» Data supplied

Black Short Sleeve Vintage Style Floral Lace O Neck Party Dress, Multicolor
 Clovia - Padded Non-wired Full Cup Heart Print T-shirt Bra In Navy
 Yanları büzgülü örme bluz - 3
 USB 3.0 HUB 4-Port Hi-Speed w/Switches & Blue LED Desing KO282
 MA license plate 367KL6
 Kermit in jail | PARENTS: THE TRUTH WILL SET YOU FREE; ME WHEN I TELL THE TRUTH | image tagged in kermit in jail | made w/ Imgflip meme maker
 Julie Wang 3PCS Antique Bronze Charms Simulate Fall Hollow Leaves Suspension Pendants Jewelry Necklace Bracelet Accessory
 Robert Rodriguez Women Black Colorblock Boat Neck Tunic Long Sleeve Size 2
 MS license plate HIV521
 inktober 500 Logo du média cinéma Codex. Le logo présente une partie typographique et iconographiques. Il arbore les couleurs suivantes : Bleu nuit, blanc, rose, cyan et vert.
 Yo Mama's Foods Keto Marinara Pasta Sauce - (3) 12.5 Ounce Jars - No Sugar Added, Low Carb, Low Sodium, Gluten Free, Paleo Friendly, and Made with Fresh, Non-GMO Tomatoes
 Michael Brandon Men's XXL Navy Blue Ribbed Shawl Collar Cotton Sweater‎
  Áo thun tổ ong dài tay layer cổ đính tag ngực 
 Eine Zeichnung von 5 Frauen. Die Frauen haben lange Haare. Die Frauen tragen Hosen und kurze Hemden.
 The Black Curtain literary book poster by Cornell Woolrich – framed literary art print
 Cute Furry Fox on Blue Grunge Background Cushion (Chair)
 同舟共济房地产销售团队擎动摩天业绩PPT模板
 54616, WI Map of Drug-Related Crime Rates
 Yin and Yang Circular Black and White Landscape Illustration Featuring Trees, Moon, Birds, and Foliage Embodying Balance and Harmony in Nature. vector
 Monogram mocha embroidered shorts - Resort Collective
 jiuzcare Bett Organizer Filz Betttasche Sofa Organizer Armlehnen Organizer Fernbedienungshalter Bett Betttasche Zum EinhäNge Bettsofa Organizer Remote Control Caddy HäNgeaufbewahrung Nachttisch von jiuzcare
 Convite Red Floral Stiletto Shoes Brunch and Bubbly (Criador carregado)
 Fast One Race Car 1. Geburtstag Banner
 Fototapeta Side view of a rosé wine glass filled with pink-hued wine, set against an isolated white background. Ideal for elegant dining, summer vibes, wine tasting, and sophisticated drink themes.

» Exercise description
In the listing above, find the lines holding the word "license" and copy them.

» Reply to the exercise
 MA license plate 367KL6
 MS license plate HIV521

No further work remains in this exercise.